Raw data:
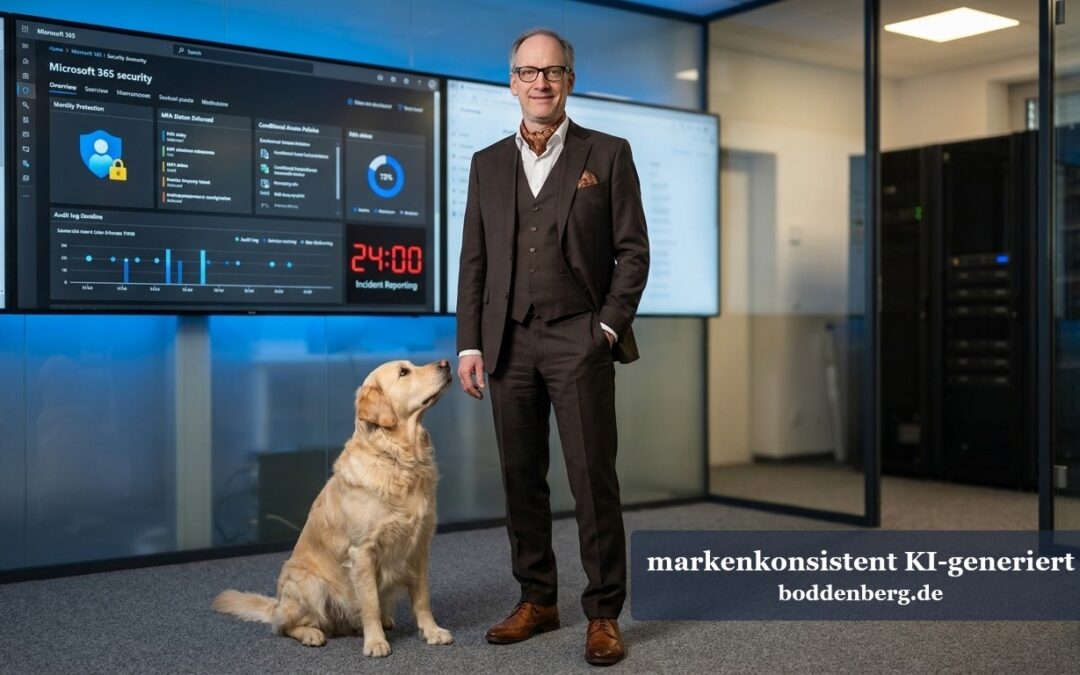 NIS2 technisch umsetzen mit Microsoft 365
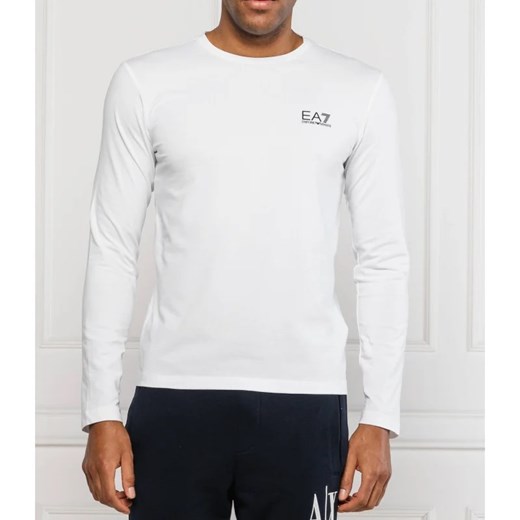 T-shirt męski Emporio Armani z długim rękawem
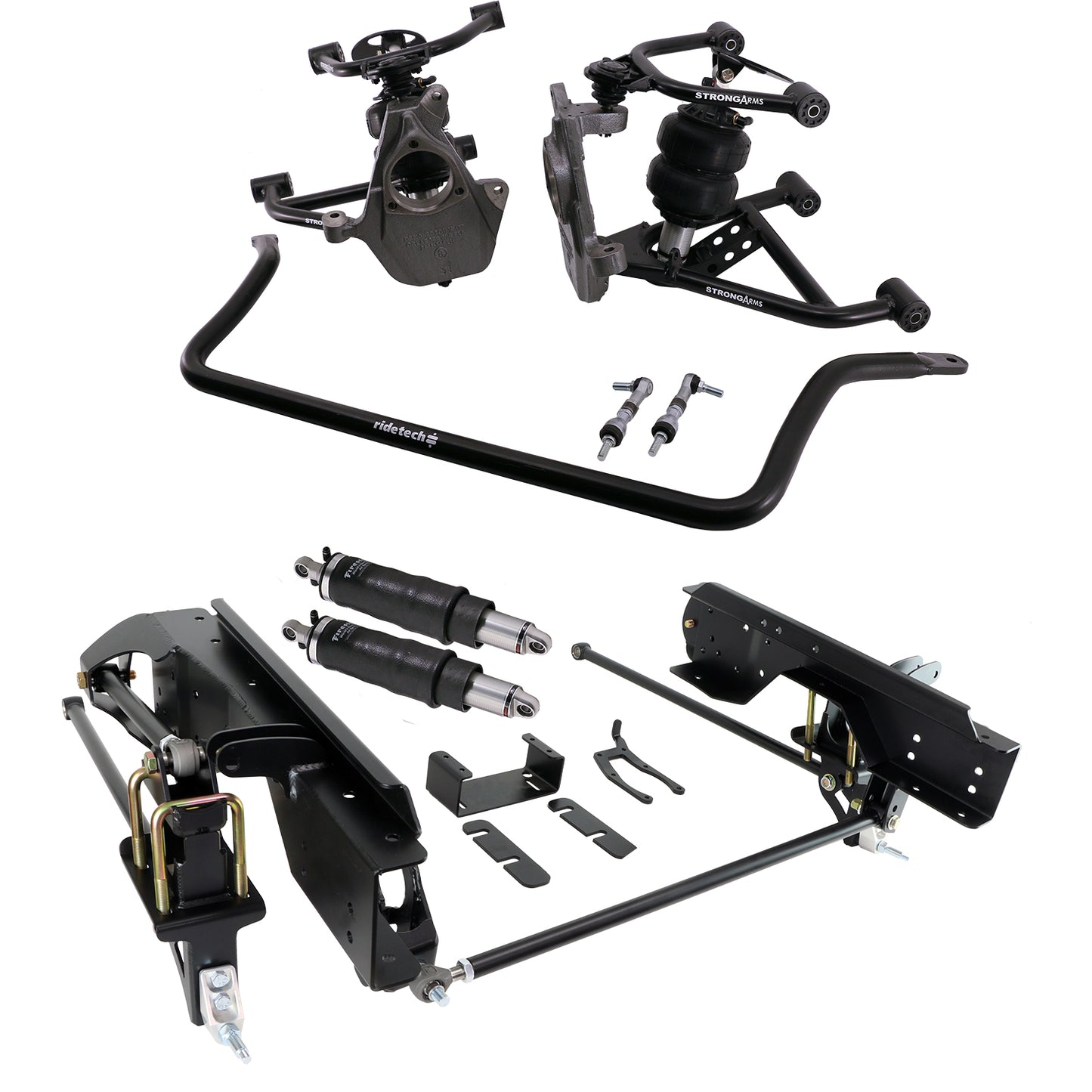 Ridetech 99-06 Chevy Silverado Air Suspension System 11380297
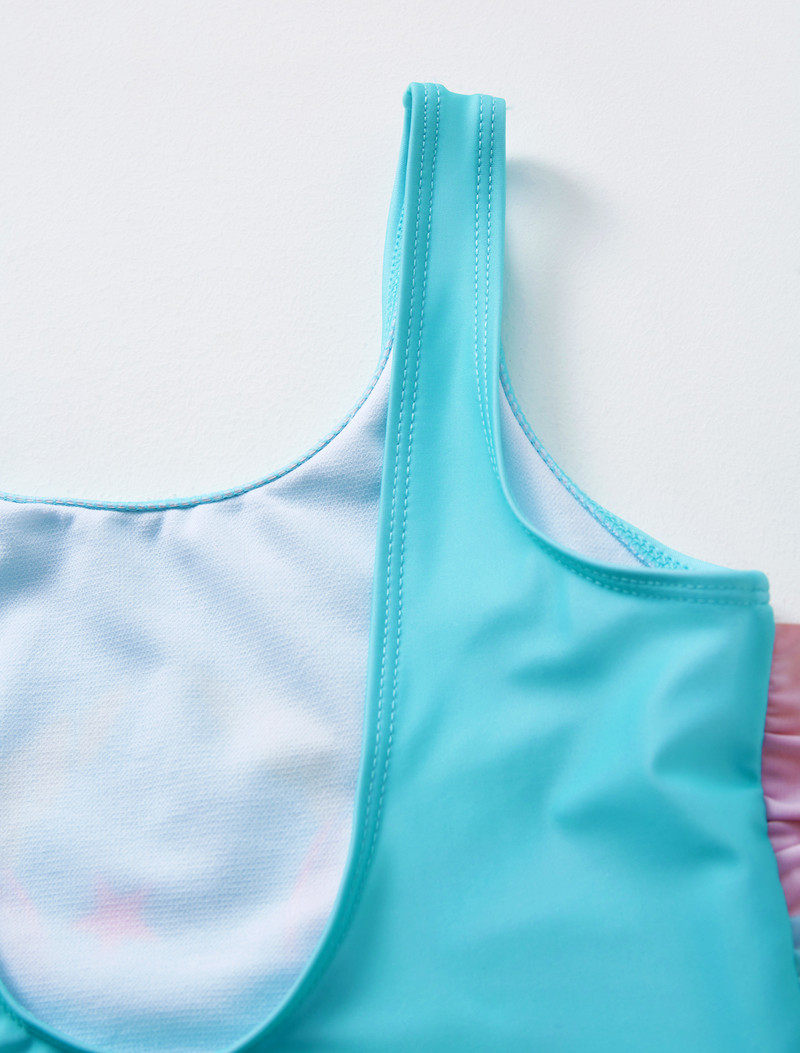 Novo dolazak Kupaći kostim za djevojčice od 3 do 10 godina Jednorog Kupaći kostim za djevojčice S volanima Dječji kupaći kostim Dječja odjeća za plažu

Assigned task: Write the listing out a second time exactly, dropping all images.

Task answer:
 NIS2 technisch umsetzen mit Microsoft 365
 T-shirt męski Emporio Armani z długim rękawem
 Ridetech 99-06 Chevy Silverado Air Suspension System 11380297
 Novo dolazak Kupaći kostim za djevojčice od 3 do 10 godina Jednorog Kupaći kostim za djevojčice S volanima Dječji kupaći kostim Dječja odjeća za plažu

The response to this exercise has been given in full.